The lungs, since they must from this time on provide oxygen for the infant, need to receive more blood than formerly. The vessels leading toward them must be widely opened, and structures which previously diverted the blood-stream to the navel must be closed. The intricate shifting of forces which produces the change cannot be understood without a knowledge of anatomy; it will suffice for us to know that the blood is drawn into the vessels of the lungs with each inspiration. Other changes also occur. On account of some of these, namely, certain alterations in the blood current through the heart, physicians once taught that newly born infants should always be laid upon the right side. Except in very unusual cases, that precaution is now regarded as unnecessary.
Of all the elements essential to nutrition, oxygen is the only one required immediately after birth; as the child enters the world well stocked with all the others. Babies are not born hungry, as many people seem to think. Neither is their crying a proof of it, for, as we have observed, they have other very good reasons for crying; nor is their readiness to suck anything that comes in contact with the mouth, for they will behave in the same way while they are receiving an abundance of nourishment through the umbilical cord. Many hours pass before a newly born infant can possibly need food. Indeed, it could survive a week or longer without taking anything, by mouth, except water. The ability to suckle at birth merely indicates that the infant is prepared to utilize the mechanism which nature will now employ to sustain it.

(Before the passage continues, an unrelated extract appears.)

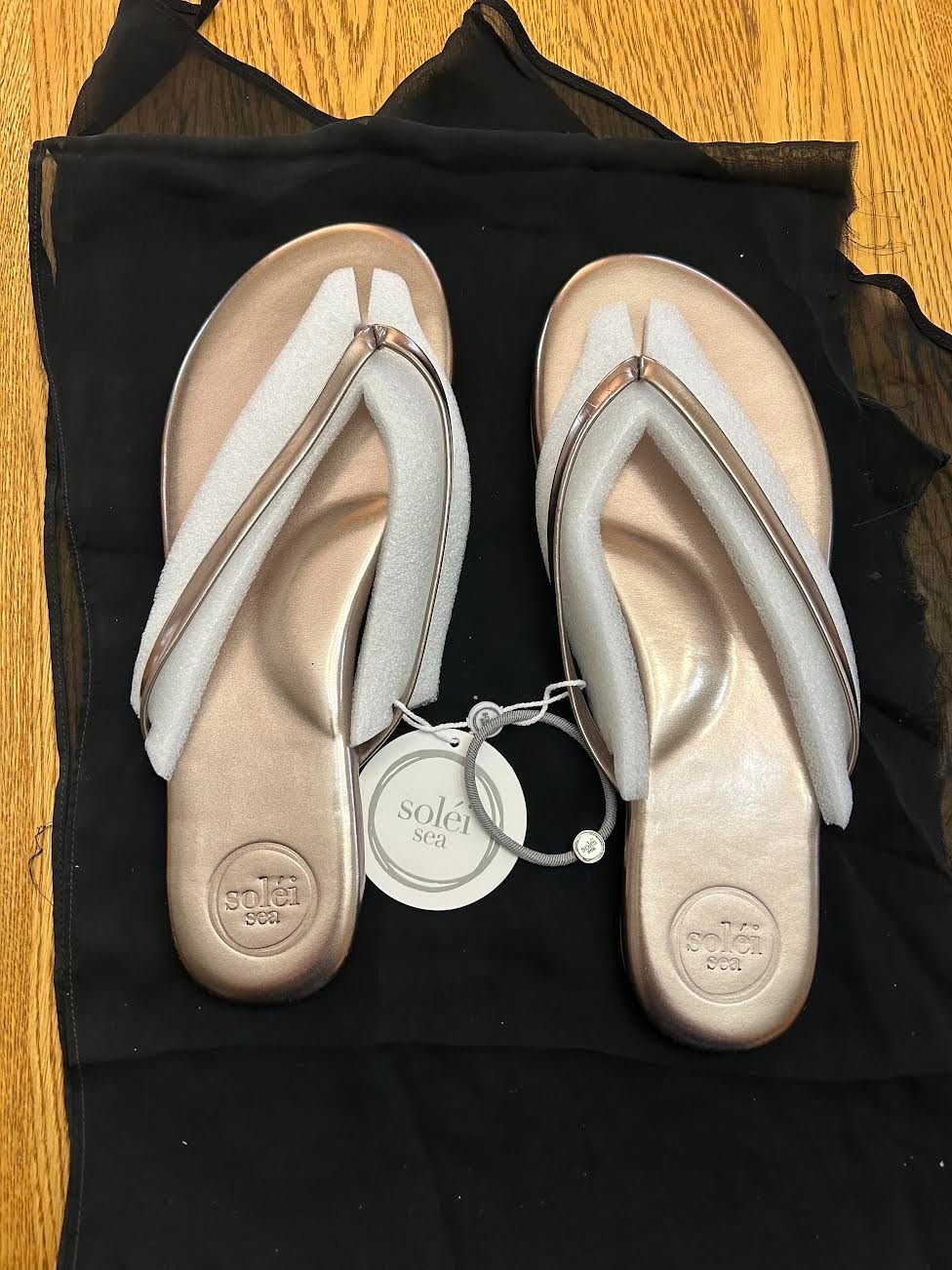 New Solei Sea Sandals 100%Vegan Leather Recycled Outsole Size 10 Metallic Pewter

After the umbilical cord has been severed the blood vessels within it can serve no further purpose. Consequently the remnant of this structure attached to the child's abdomen begins to shrivel. Formerly the care of the stump was considered a trivial matter; when cleanliness was neglected decomposition caused more rapid separation than takes place under the treatment which it now receives. No annoyance should be felt because the cord hangs on a long time; indeed, such an experience means it has been given exceptionally good care. Separation rarely occurs before the end of a week. It may be deferred for two weeks, or even longer, if the stump has been kept perfectly clean. After the shriveled cord drops off, the skin around the navel contracts, leaving a small raw area which discharges a yellow fluid for two or three days before the healing is complete.

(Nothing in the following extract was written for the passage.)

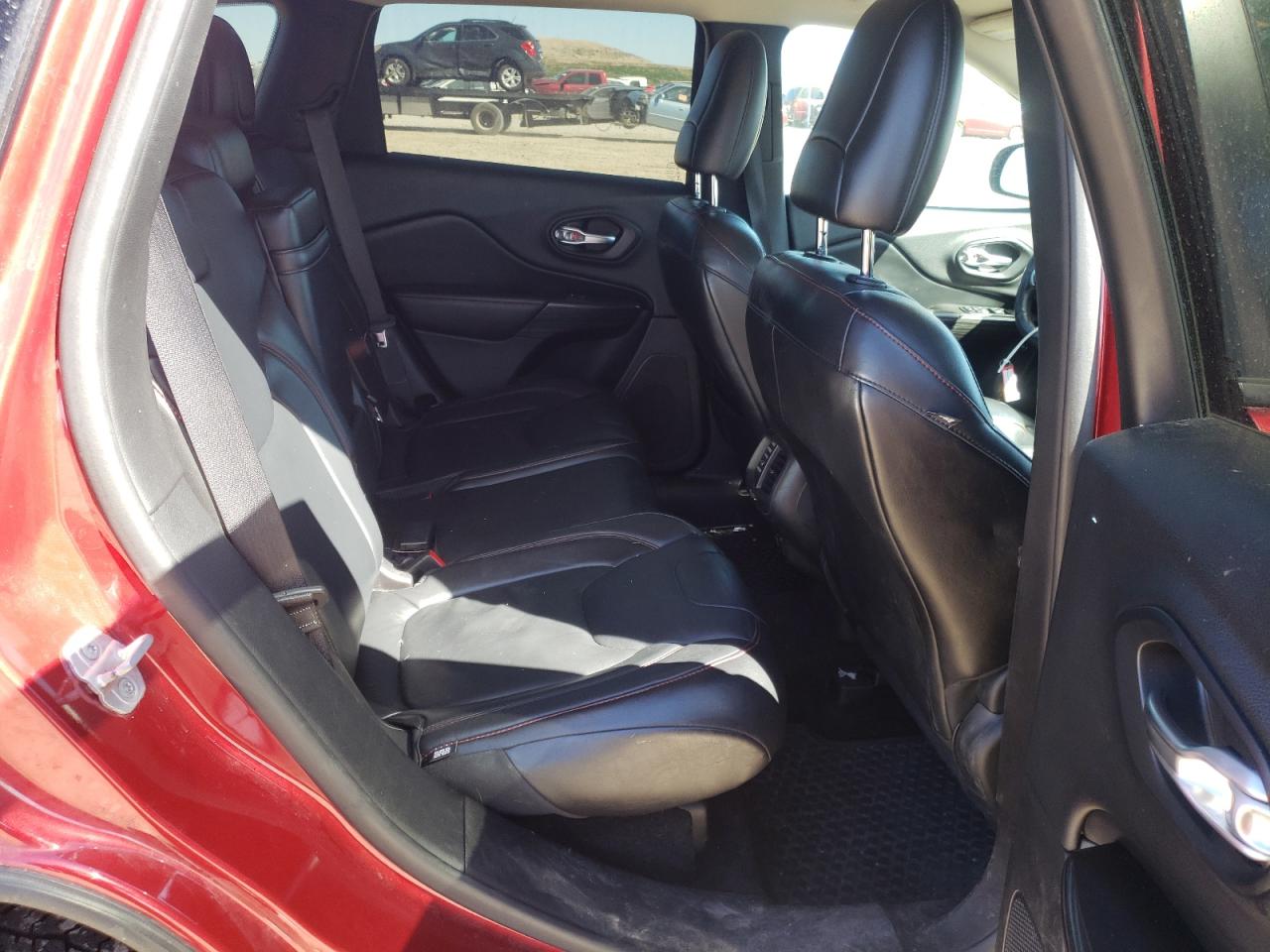 Photo 6 from auction – 2014 JEEP CHEROKEE T with VIN 1C4PJMBS8EW132350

MEDDLING.—In selecting a physician the patient will almost certainly have been guided by her confidence in his ability. It may seem strange, therefore, to insist that he be allowed to conduct the delivery as he thinks best. Nevertheless, suggestions from outsiders are so common, especially if the labor be at all prolonged, that it seems appropriate to warn patients to pay no attention to such advice. In the heat of excitement well-meaning relatives are sometimes inclined to interfere, and women who are not members of the family occasionally wish to discuss their experiences, irrelevant as they may be.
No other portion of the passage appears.